A way to get around this bug is to retest all file results that come back through the OS wildcard match and test with a manual comparison of the wildcard to each (long) file name. Another way is to turn off 8.3 filenames altogether via the registry. I have been burned by this on numerous occasions, including having important (non-matching) files get deleted via a wildcard based del command from the command prompt.

To summarize, be very careful, especially if you have many files in a directory on making any critical production decisions or taking any actions based on an OS file/wildcard match, without a secondary verification of results.

Here is an explanation of this bizarre behavior.

Another explanation from O'Reilly's site.


I can reproduce your problem with the follow code (Sorry, VB). It creates 55,000 zero-byte files named 2000_0001.xml through 2010_5000.xml. Then it looks for all of the files that start with 2010. On my machine (Windows 7 SP1 32-bit) it returns 5,174 files instead of just 5,000.

Option Explicit On
Option Strict On

Imports System.IO

Public Class Form1

    Private TempFolder As String = Path.Combine(My.Computer.FileSystem.SpecialDirectories.Desktop, "Temp")

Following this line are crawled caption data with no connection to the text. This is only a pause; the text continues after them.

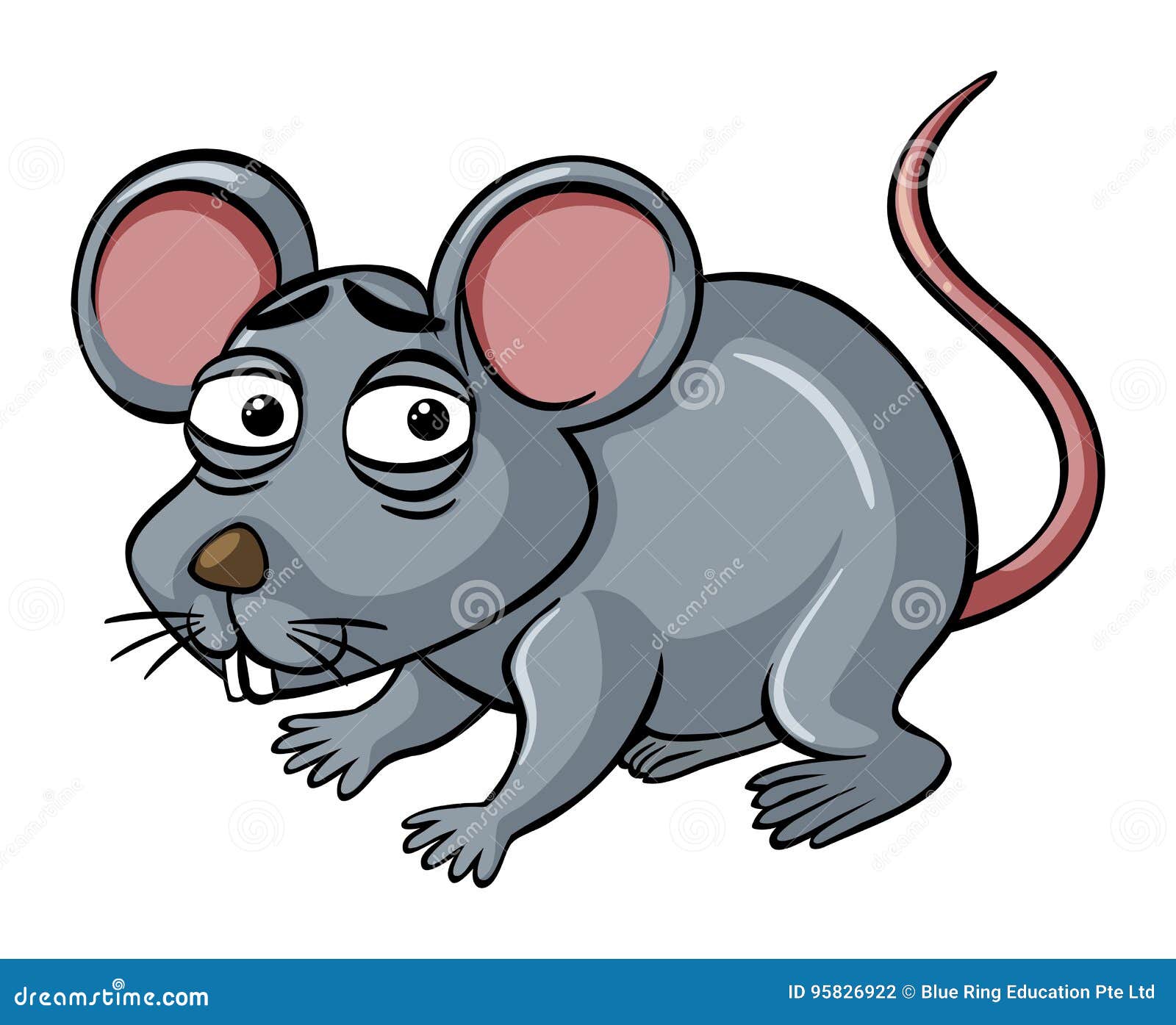 Ratón con la cara triste ilustración del vector. Ilustración de blanco -  95826922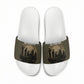 Harlem Hellfighters WWI Soldier Slide Sandals Vintage Military Hero Jazz Band Silhouette Art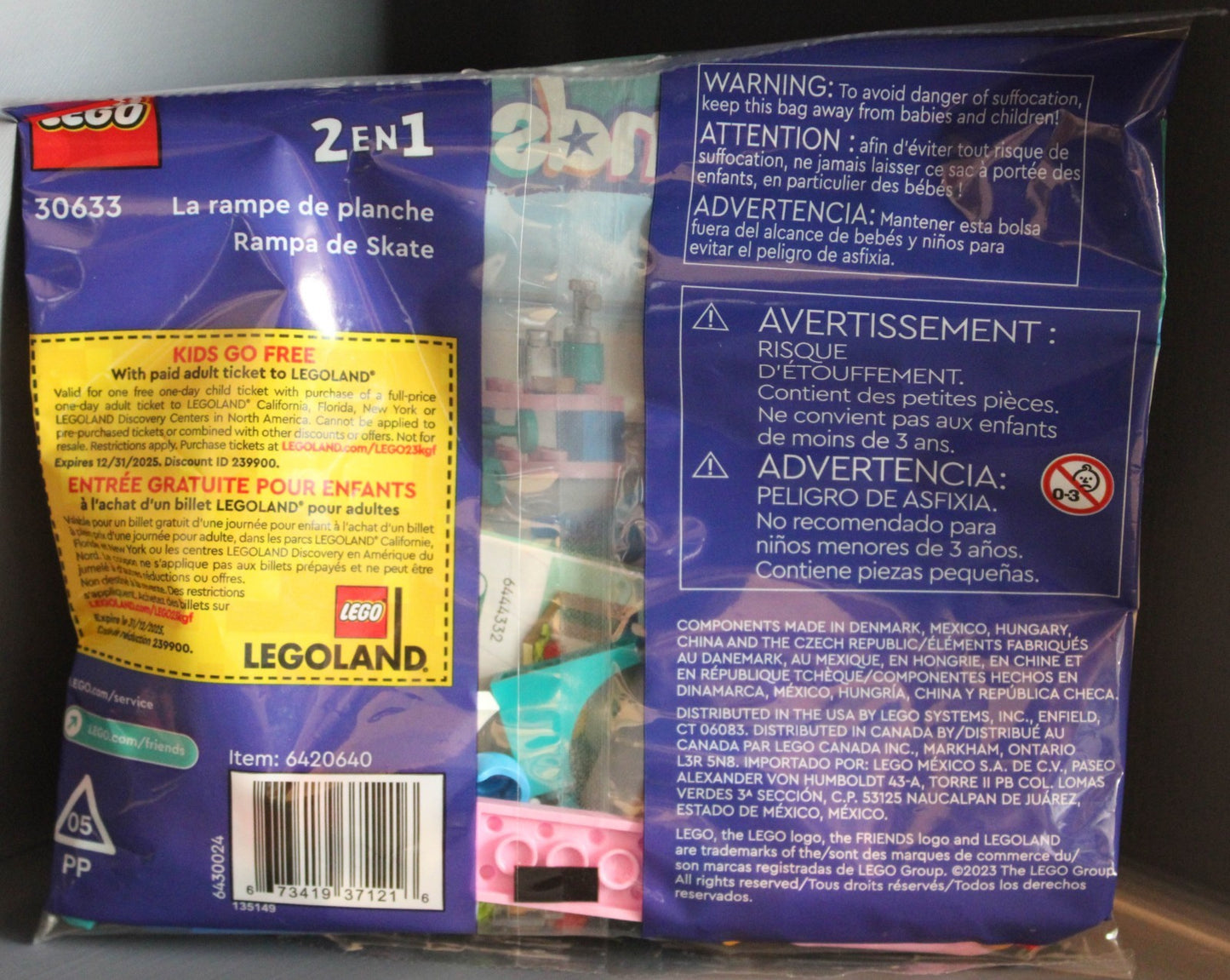 4 LEGO Friends - Vet Clinic Rescue Buggy, Beach Cleanup, Skate Ramp, Park Picnic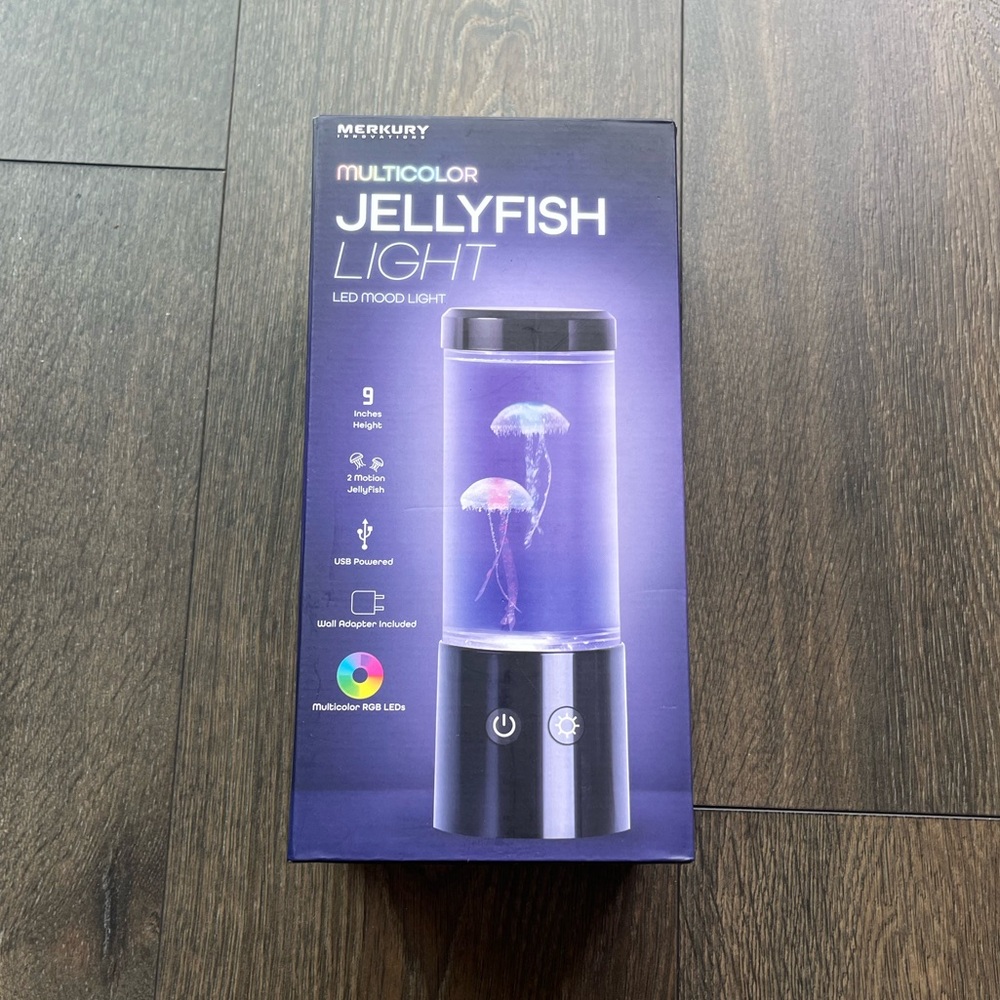 Merkury Multicolor Jellyfish LED Mood Light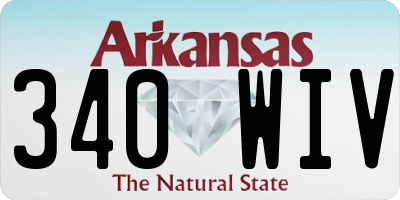 AR license plate 340WIV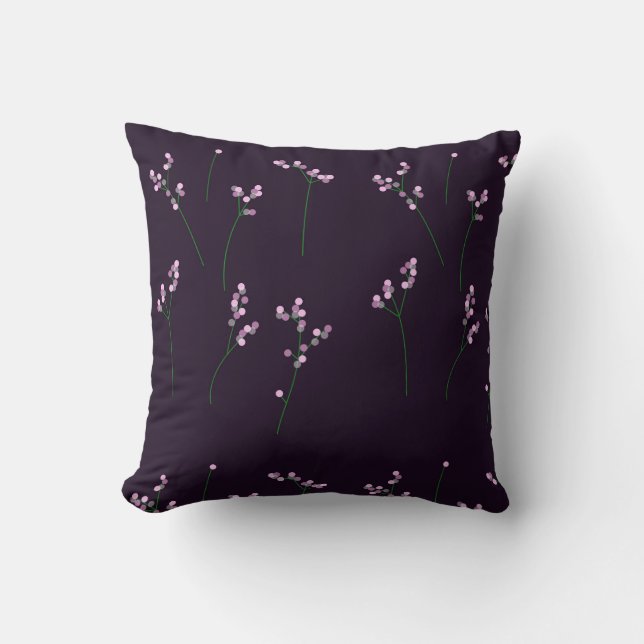 Unique Stylish Flowers Bouquet Cushion (Front)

    Private Sub Form1_Load(ByVal sender As System.Object, ByVal e As System.EventArgs) Handles MyBase.Load
        CreateFiles()

        Dim Files = Directory.EnumerateFiles(TempFolder, "2010*.xml", SearchOption.TopDirectoryOnly).ToList()
        Using FS As New FileStream(Path.Combine(My.Computer.FileSystem.SpecialDirectories.Desktop, "Report.txt"), FileMode.Create, FileAccess.Write, FileShare.Read)
            Using SW As New StreamWriter(FS, System.Text.Encoding.ASCII)
                For Each F In Files
                    SW.WriteLine(F)
                Next
            End Using
        End Using


        DeleteFiles()
    End Sub

    Private Sub CreateFiles()
        If Not Directory.Exists(TempFolder) Then Directory.CreateDirectory(TempFolder)
        Dim Bytes() As Byte = {}
        Dim Name As String
        For Y = 2000 To 2010
            Trace.WriteLine(Y)
            For I = 1 To 5000
                Name = String.Format("{0}_{1}.xml", Y, I.ToString.PadLeft(4, "0"c))
                File.WriteAllBytes(Path.Combine(TempFolder, Name), Bytes)
            Next
        Next
    End Sub
    Private Sub DeleteFiles()
        Directory.Delete(TempFolder, True)
    End Sub
End Class


Not a solution for the MS bug (which possibly uses Windows File Search underneath, which would be terrible for your results...), but a solution as a workaround, which gives you some extra leverage and control over the results:

var files = from file in 
      Directory.EnumerateFiles(path, "*",
      SearchOption.TopDirectoryOnly)
      where (new FileInfo(file)).Name.StartsWith("2010") &&
          (new FileInfo(file)).Extension == "xml"
      select dir;


I just tried your example and I can't see it doing anything wrong, so I guess there's more to your environment and/or the "non simplified" code that isn't covered here.

I've used this code:

Console.WriteLine("Starting...");
IEnumerable<string> files = Directory.EnumerateFiles("C:\\temp\\test\\2010", @"2010*.xml", SearchOption.TopDirectoryOnly).ToList();

foreach (string file in files)
{
    Console.WriteLine("Found[{0}]", file);
}

Console.ReadLine();

In my folder structure i've created the following:

c:\temp\test\2010\2004_something.xml c:\temp\test\2010\2010_abc.xml c:\temp\test\2010\2010_def.xml

The output of the application is simply:

Starting...
Found[C:\temp\test\2010\2010_abc.xml]
Found[C:\temp\test\2010\2010_def.xml]

Can you provide some more feedback as to what is happening in your scenario, in the real app? or can you reproduce the problem in a smaller app?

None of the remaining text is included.